Read more: Geraint Thomas: It would be nice to go back to the Giro d'Italia in 2024

From a purely pragmatic sense, a Giro challenge makes the most sense. Vingegaard and Pogačar are so far ahead of the competition at the Tour that it would take a miracle for their four-year grip on the race to end. Primož Roglič (Bora-Hansgrohe), who beat Thomas in a nail-biting Giro this year - and possibly Remco Evenepoel (Soudal Quick-Step) - have stronger Tour bids than Thomas at this stage, while the Giro has a Thomas-friendly route and a weaker start list. Winning a Giro is never easy but the opposition in May will be weaker than what’s heading to the Tour in July.

One option, not yet discussed with the team, could see Thomas race the Giro as Ineos’ leader before a quick turnaround to focus on the Tour de France as a domestique and chaperone for the team’s younger riders.

“Looking at the Giro, I’d like to go back there because it looks like a nice route for me. And after what happened this year, it would be good to go back. But I did miss doing the Tour this year,” Thomas tells GCN.

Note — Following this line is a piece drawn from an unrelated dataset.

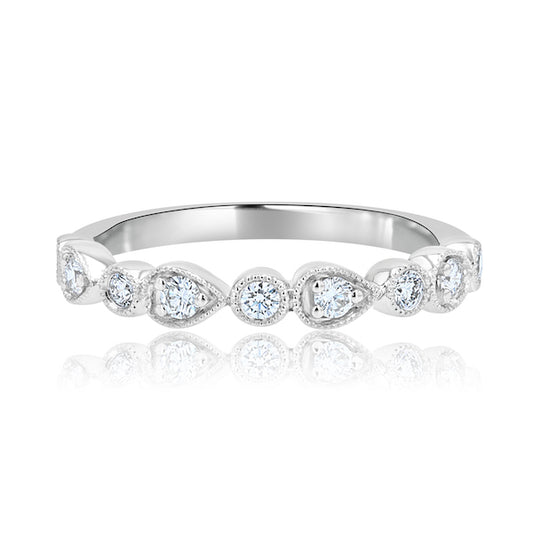 Alternating Milgrain-Edge 0.25 Carat Diamond 14K White Gold Band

“Maybe I could do both, and go for the Giro and then be at the Tour to help the younger lads on and off the bike. It’s something I need to have a good chat about with the team, with Rod [Ellingworth], and Steve [Cummings], and then continue talking to my coach Connor [Taylor] about it. I guess in December at the training camp we’ll nail it all down.”

The question, central to all of this, is what motivates Thomas; what drives him to shed the necessary weight and isolate himself from his young family during the season?

“It’s true, there could be fewer superstars at the Giro but, at the end of the day, I just need to sit down and see what actually motivates me more, and what’s going to keep that drive, and that hunger in order to make those sacrifices and do what I have to do to be at my best,” he says.

“Back-to-back Grand Tours isn’t something I’ve done before – well, I did it once and crashed out of both – but it’s also something different and new, and I also feel that it could also help to motivate me.”

Ineos rebuild and underdog status

While Thomas has remained competitive, and even enjoyed a stronger period of Grand Tour racing following his Tour de France success than before it, the Ineos team as a whole have been usurped by rival squads.

Read more: Geraint Thomas: Ineos Grenadiers has been in transition for a couple of years

Once the dominant force of men’s cycling, the British squad have not won a Grand Tour since 2021, or a Tour de France since 2019, and this year they failed to podium at the Tour for just the second time in 10 years.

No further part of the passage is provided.